Crypto News– Approaching the fourth Bitcoin halving, a recent Glassnode report illuminates the significant tightening of Bitcoin’s (BTC) supply, revealing crucial metrics and patterns that hint at a potential upswing in investor interest and accumulation. The report delves into the intricate dynamics of supply, investor behavior, and capital flows leading up to the anticipated 2024 Bitcoin halving.
Bitcoin Supply Constriction: Glassnode Report Highlights Unprecedented Lows Preceding the Fourth Bitcoin Halving
Scheduled approximately every 210,000 blocks, the Bitcoin halving event slashes the rate of new coin issuance by 50%. Though the precise date of the fourth halving remains uncertain, Glassnode’s estimation points to it being 158 days away, tentatively on April 23, 2024. This event carries substantial weight for both the cryptocurrency and its investor community.
Traditionally, Bitcoin miners have allocated a significant portion of their earnings to cover capital and operational expenses.
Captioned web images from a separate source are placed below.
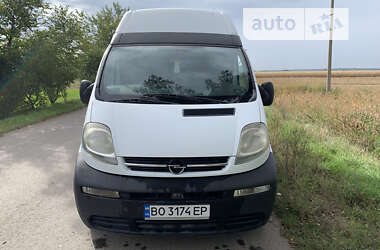 Вантажний фургон Opel Vivaro 2004 в Заліщиках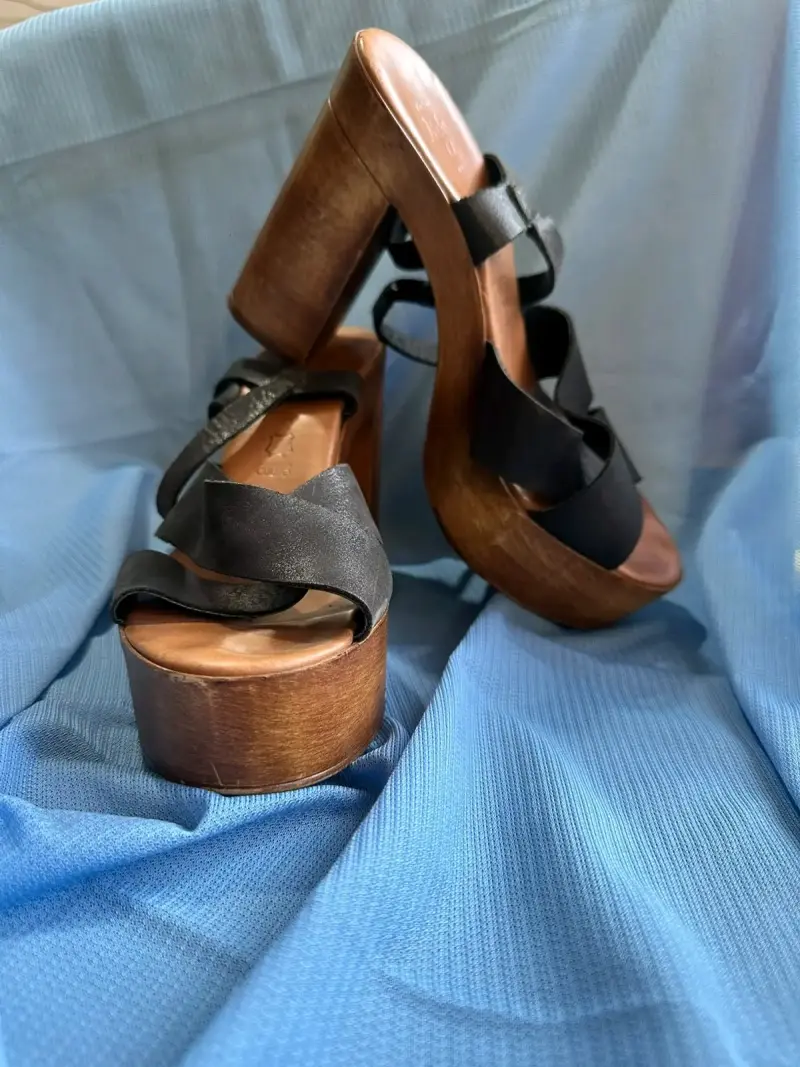 Sandalias de tacón alto de cuero negro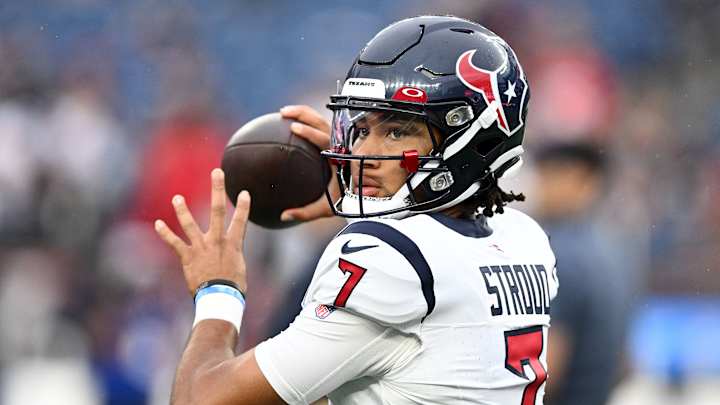 Dolphins’ Mike McDaniel: Texans’ C.J. Stroud Has ‘Aura of Confidence’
The report highlights that the yearly high of USD value issued to miners via newly minted supply currently stands at around $1 billion, presenting a notable hurdle for capital inflow. Post-2024 halving, this figure is expected to halve to $500 million per month, resembling the distribution pressure observed around the FTX lows one year ago.
Bitcoin: Unraveling the Interplay of Supply, Storage, and Capital Movement
Glassnode’s in-depth analysis is organized into three pivotal stages, each providing valuable insights into the current dynamics of the Bitcoin market. The initial stage involves the evaluation of the ‘Available and Active‘ Supply, where the report gauges the volume of BTC actively circulating and accessible for trading.
Key metrics in this category encompass Short-Term Holder Supply and various indicators of ‘hot supply,’ collectively representing 5% to 10% of the circulating supply. Progressing to the second stage, Glassnode delves into the assessment of ‘Supply Storage and Saving Rates.‘ This phase unveils a decrease in available supply, indicating a significant shift of coins away from exchanges and active trading. There is a discernible trend towards cold storage and long-term investor wallets, highlighting a strategic move towards a more prolonged holding approach.